Учитель истории - Канта Ибрагимов
Шрифт:
Интервал:
Закладка:
— Ваше величество! Воля Ваша! Я мечтаю, что мы скоро встретимся.
— Я пришлю к Вам людей.
— Я благодарна Вам за прием, — Ана еще раз склонилась.
А за воротами дворца, несмотря на столь поздний час, горят факелы и светильники, толпится масса людей — это поклонники великой Аны Аланской-Аргунской, и в основном это молодежь, и сколько юношей — столько же и девушек.
— Ана! Ана! Ана! — загудела дворцовая площадь, народ хлынул к ней.
Вновь императорская гвардия сопровождала Ану. Факелов все больше, они окружают со всех сторон. И хотя лиц не видно, да заметила Ана, что уже совсем рядом с ней могучие телохранители Зембрия Мниха, и они раззадоривают толпу, громче всех скандируют ее имя, а возничим на колеснице оказался маленький китаец Мниха, и он, обернувшись к Ане, указал на два больших полных мешка:
— Это мелочь и сладости, — коверкая слова, пояснил он, — кидай в толпу, кидай.
Ее слава, это всеобщее ликование так возбудили Ану, что она, не задумываясь, вскочила в полный рост и обеими руками щедро стала бросать в толпу щедрые дары. Началось невообразимое.
— Ана! Ана! Ана! — казалось, ей кричал весь мир.
На значительное расстояние, до самого дворца Аны, эта толпа следовала за ней. Над Босфором забрезжил горизонт, пока Ана добралась, а находящиеся уже здесь Радамист и Артемида еще не смыкали глаз.

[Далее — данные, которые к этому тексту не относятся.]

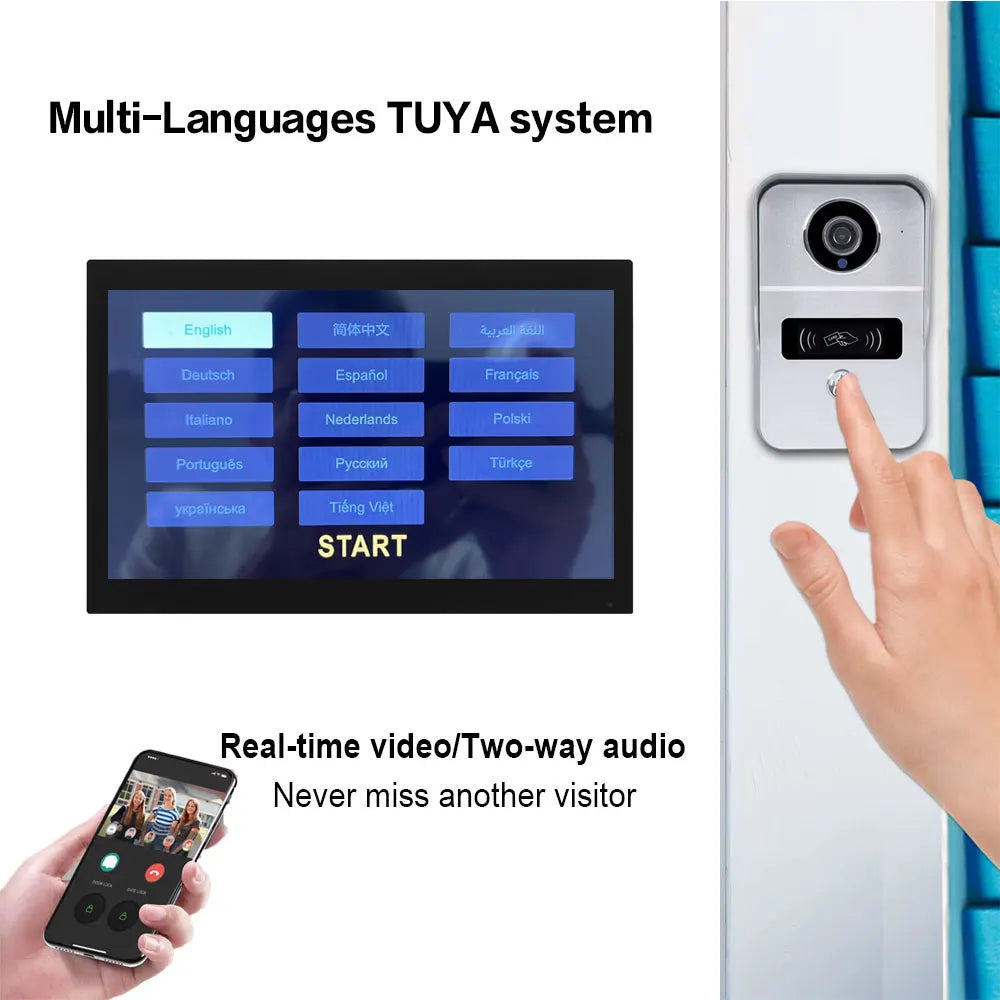 New 4-Wire TUYA Smart Video intercom doorbell Wired 1080P Waterproof Camera 5G WIFI 7/10inch IPS Touch Screen Support IP CCTV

— Я Ваш новый слуга — евнух Стефан, — выступил вперед сухопарый старичок. — Феи, массажистка, теплая ванна — готовы.
— Ничего не хочу, ничего, — взмолилась Ана. — Хочу только спать, спать… И не будите меня, ни в коем случае не будите. Если я здесь повелеваю.
Оказалось, не она здесь повелевала. Евнух Стефан разбудил ее.
— Как Вы посмели войти в мою спальню! — возмутилась Ана.
— Я блюститель Вашего ложа и покойного сна, — невозмутимо отвечал евнух.
— Не смейте более сюда входить!
— Это невозможно, отныне я всюду буду при Вас, это моя служба, и можете не замечать меня, только приказывать.
— Тогда исчезните, я хочу спать, я устала.
— Зембрия Мних ожидает Вас, — бесстрастно молвил евнух.
— О-о-о! — простонала Ана. — Так разве я здесь повелеваю?!
— Вы, и только Вы — Ваше сиятельство. Просто Зембрия Мних сказал: так надо.
Недовольно вздыхая, Ана потянулась было к одежде. Евнух хлопнул в ладоши, и вбежали юные девчонки, стали одевать и обувать ее, потом расчесывать ее роскошные локоны.
Это обихаживание буквально заставило Анну войти в новую роль: с княжеской важностью она спустилась в зал.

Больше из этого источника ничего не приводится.